_Your goal_
Could you copy exactly the lines from the one containing "2019 CHEVROLET TRAX LS" through the last line of the records below, leaving out any pictures?

Caption-style text data:
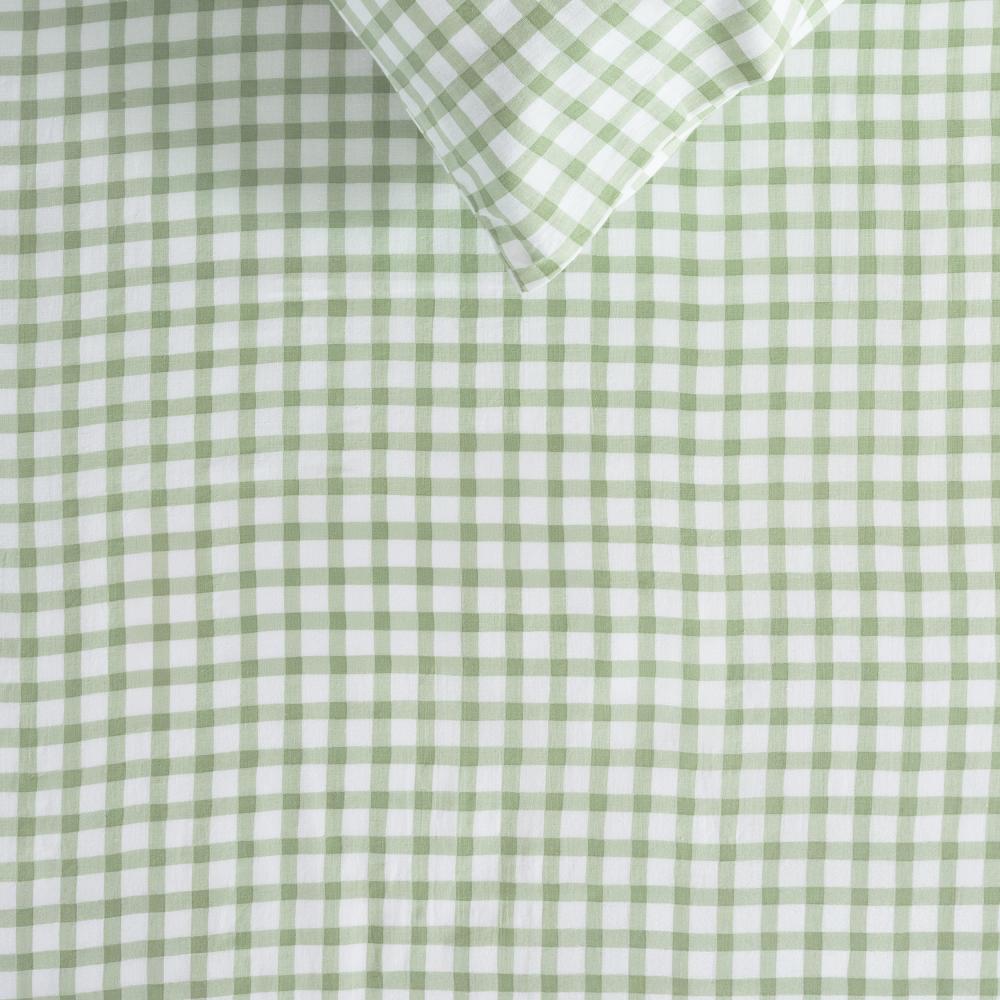 Squiggles Cotton Cot Fitted Sheet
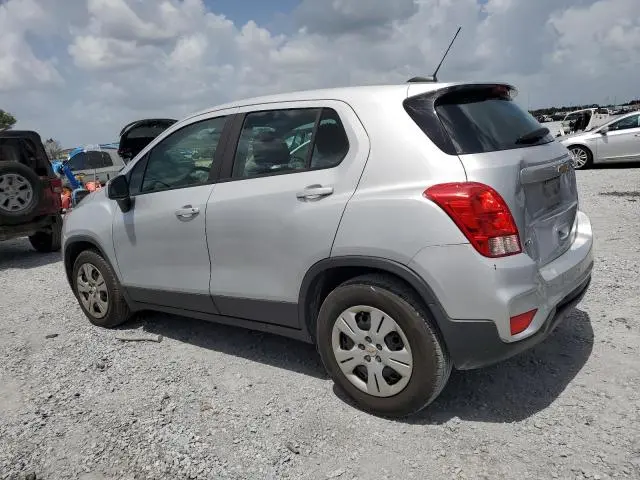 2019 CHEVROLET TRAX LS  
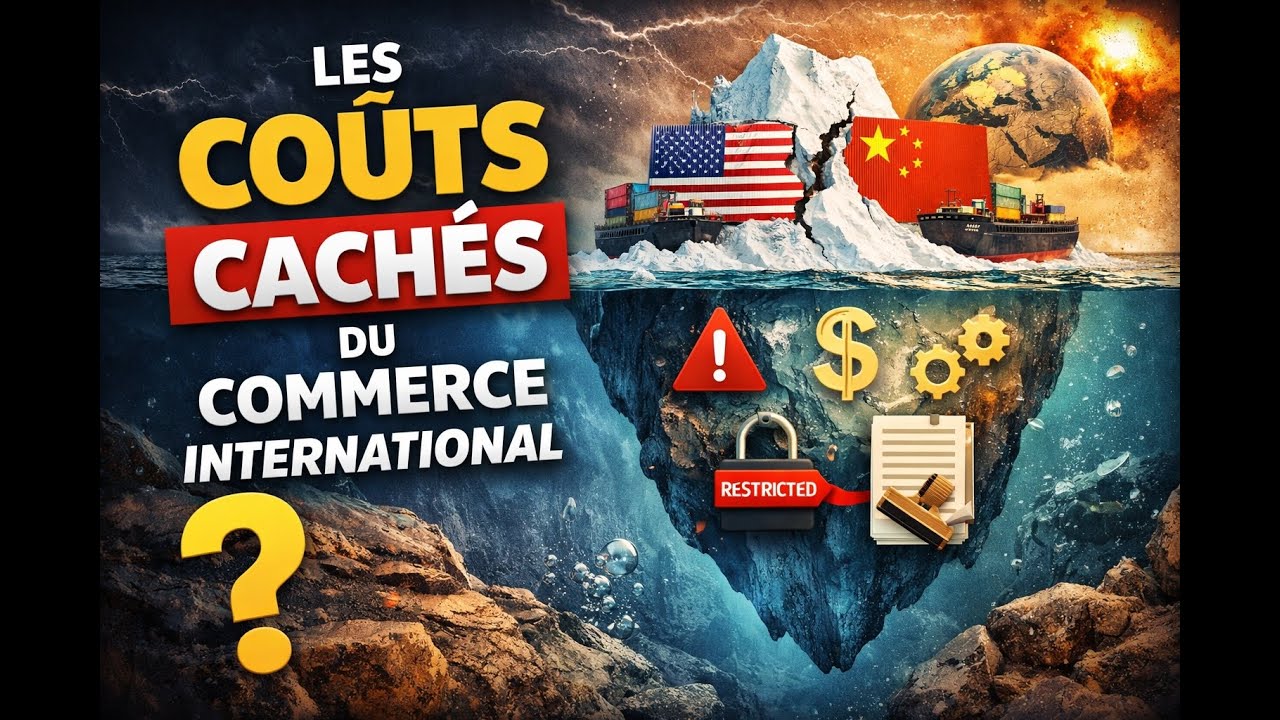 Les coûts cachés du commerce international : ce que personne ne vous dit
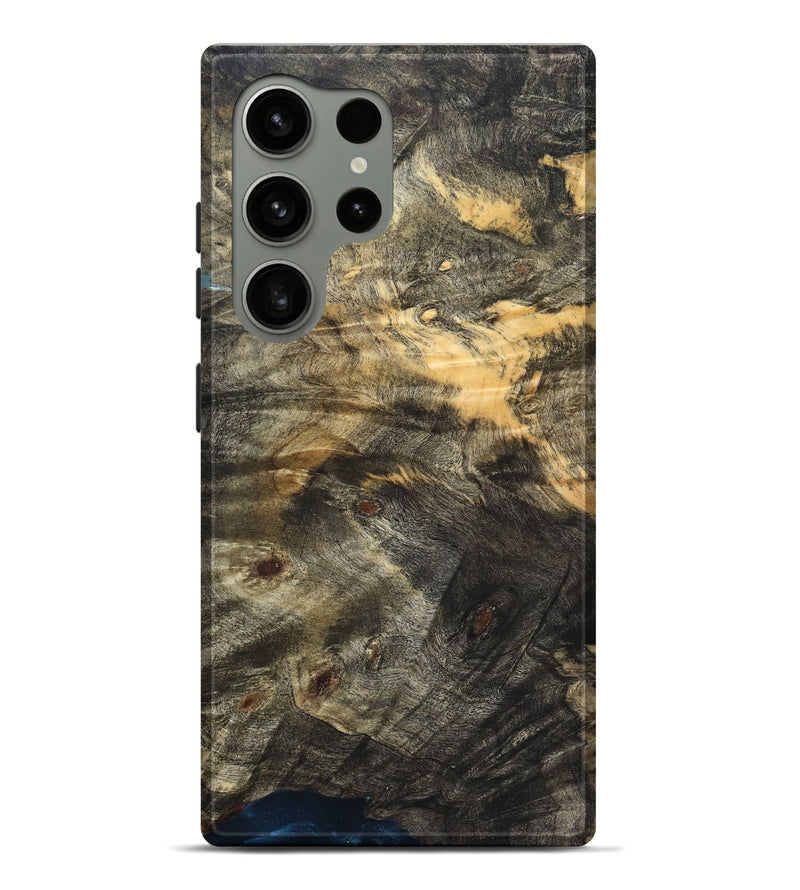 Galaxy S24 Ultra Wood Live Edge Phone Case - Bradyn (Solid Wood, 823726)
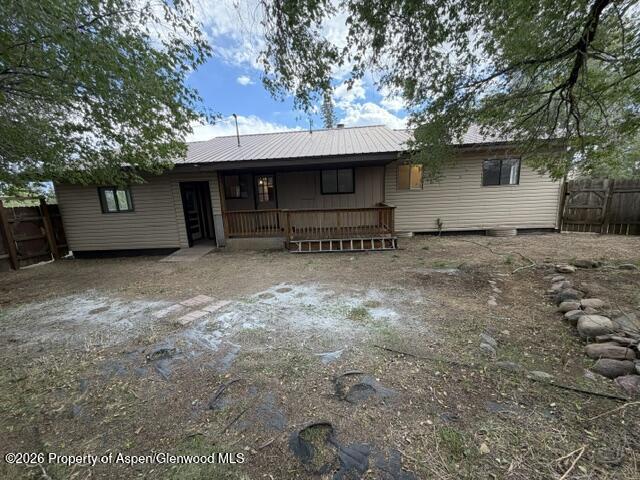 1903 Frontier Drive Craig CO 81625
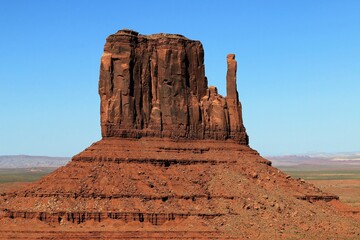 Monument Valley, Mitten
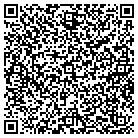 QR code with H & R Block Tax Service contacts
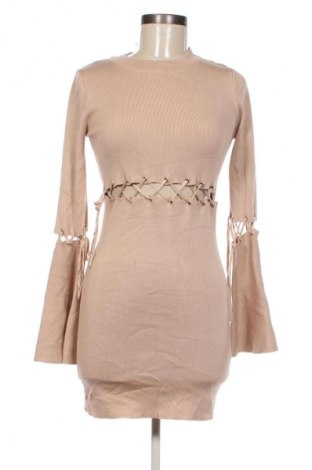 Rochie GD, Mărime S, Culoare Bej, Preț 34,99 Lei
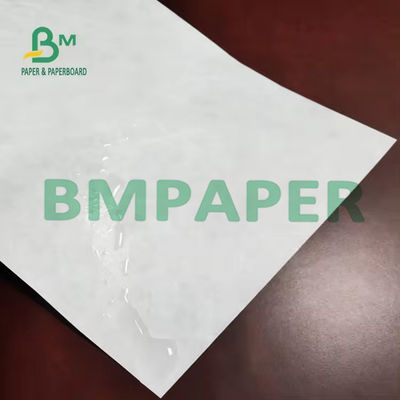 8.5&quot; x 11&quot; 1056D Ελαφρύ Χαρτί Tyvek Καφέ Για Τυπογραφείς Inkjet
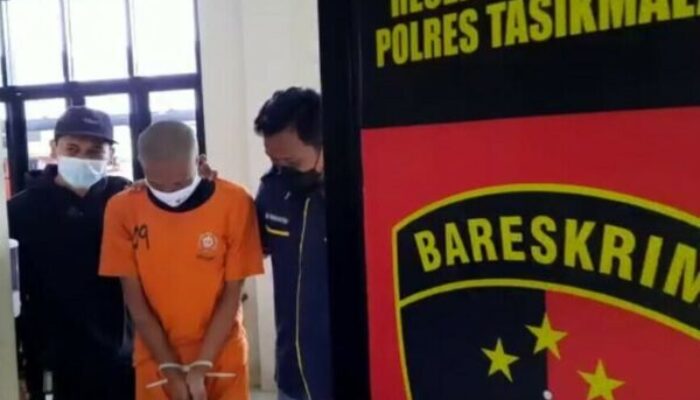Polres Tasikmalaya Tangkap Pelaku Lain Penjual Perempuan Muda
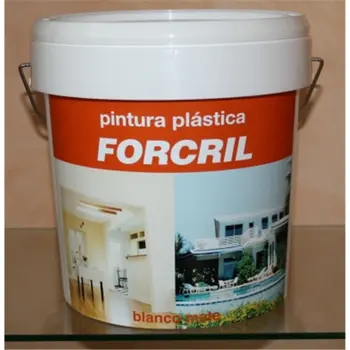 Paint PLAST matte 15 LT EXT. BL FORCRIL BUPISA 15 LT
Paint PLAST matte 15 LT EXT. BL FORCRIL BUPISA 15 LT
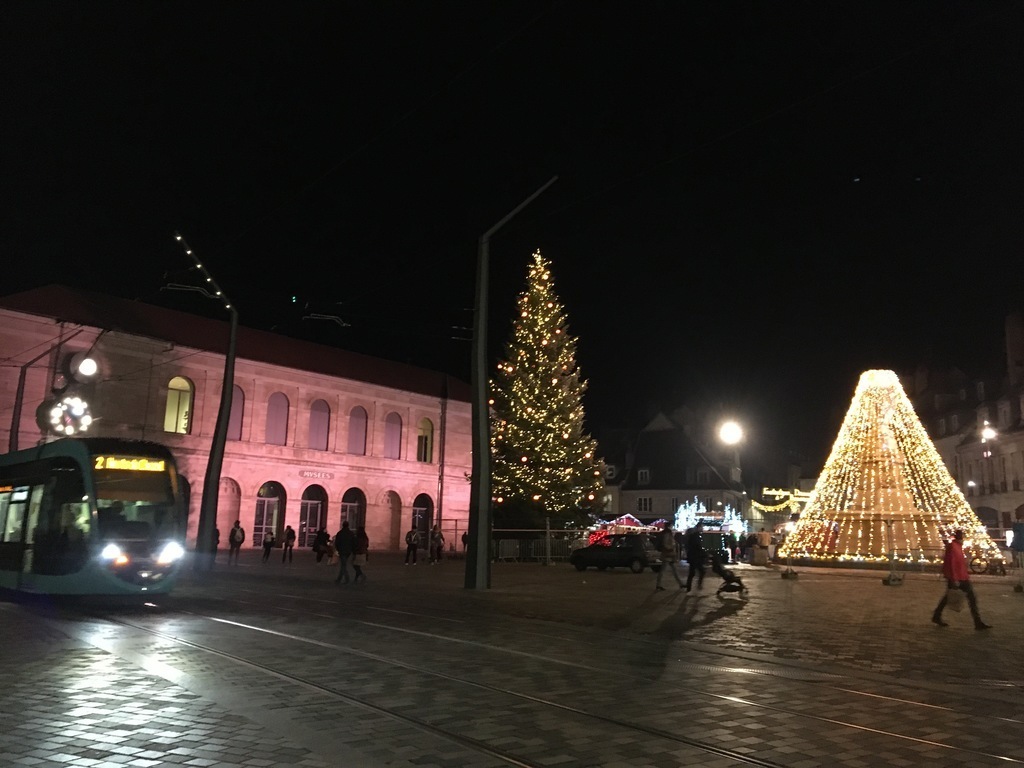 Christmas in Besancon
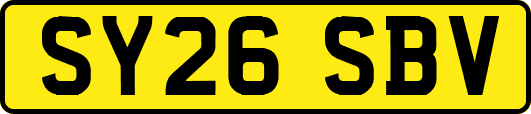 SY26SBV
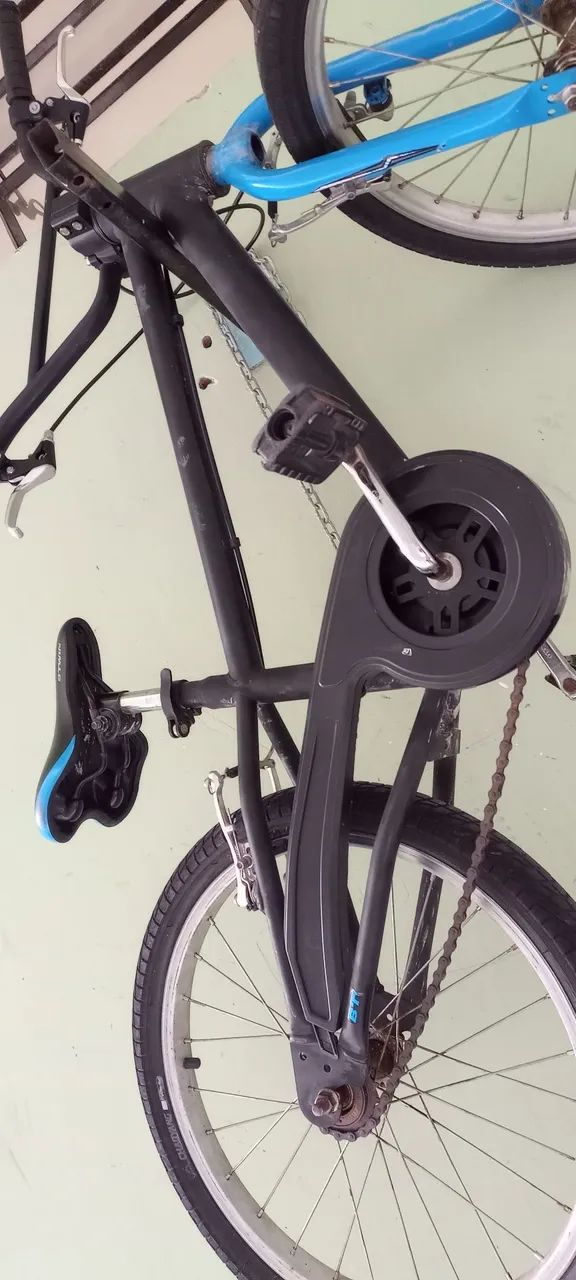 Bicicleta aro 20
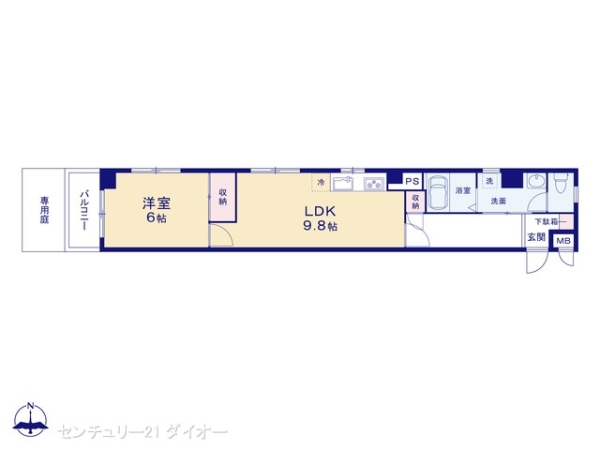 エンゼルハイム青戸第３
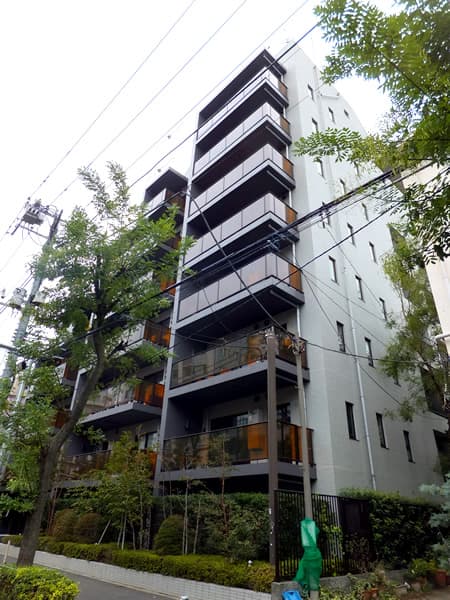 ピアース三宿 1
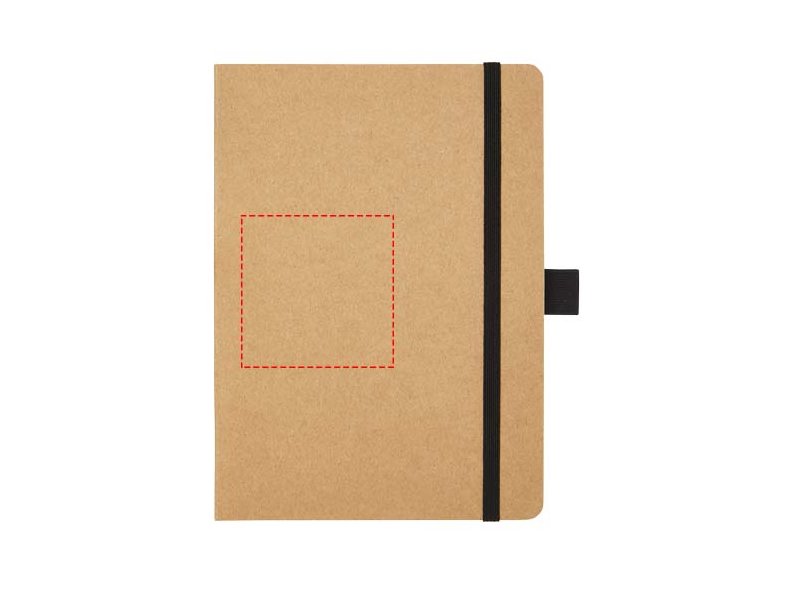 Berk notitieboek van gerecycled papier Berk notitieboek van gerecycled papier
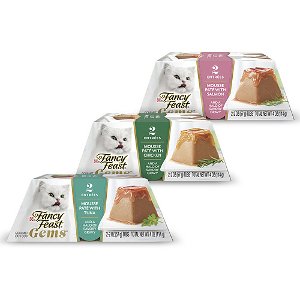 Buy 2 Fancy Feast Gems 2ct Get 1 FREE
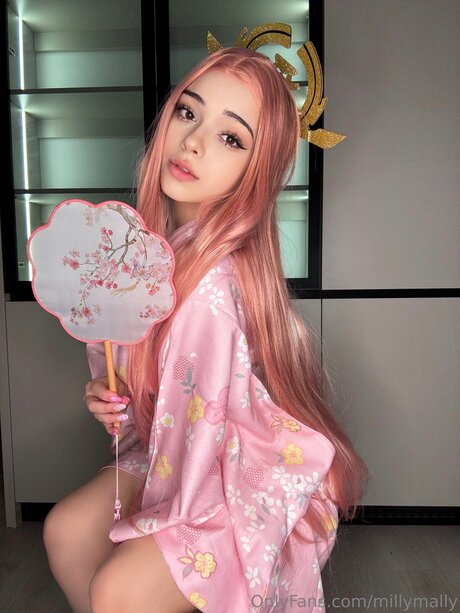 Millymally star hd image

_Your response_
 2019 CHEVROLET TRAX LS  
 Les coûts cachés du commerce international : ce que personne ne vous dit
 Galaxy S24 Ultra Wood Live Edge Phone Case - Bradyn (Solid Wood, 823726)
 1903 Frontier Drive Craig CO 81625
 Monument Valley, Mitten
 QR code with H & R Block Tax Service contacts
 Rochie GD, Mărime S, Culoare Bej, Preț 34,99 Lei
 8.5&quot; x 11&quot; 1056D Ελαφρύ Χαρτί Tyvek Καφέ Για Τυπογραφείς Inkjet
Polres Tasikmalaya Tangkap Pelaku Lain Penjual Perempuan Muda
 Paint PLAST matte 15 LT EXT. BL FORCRIL BUPISA 15 LT
Paint PLAST matte 15 LT EXT. BL FORCRIL BUPISA 15 LT
 Christmas in Besancon
 SY26SBV
 Bicicleta aro 20
 エンゼルハイム青戸第３
 ピアース三宿 1
 Berk notitieboek van gerecycled papier Berk notitieboek van gerecycled papier
 Buy 2 Fancy Feast Gems 2ct Get 1 FREE
 Millymally star hd image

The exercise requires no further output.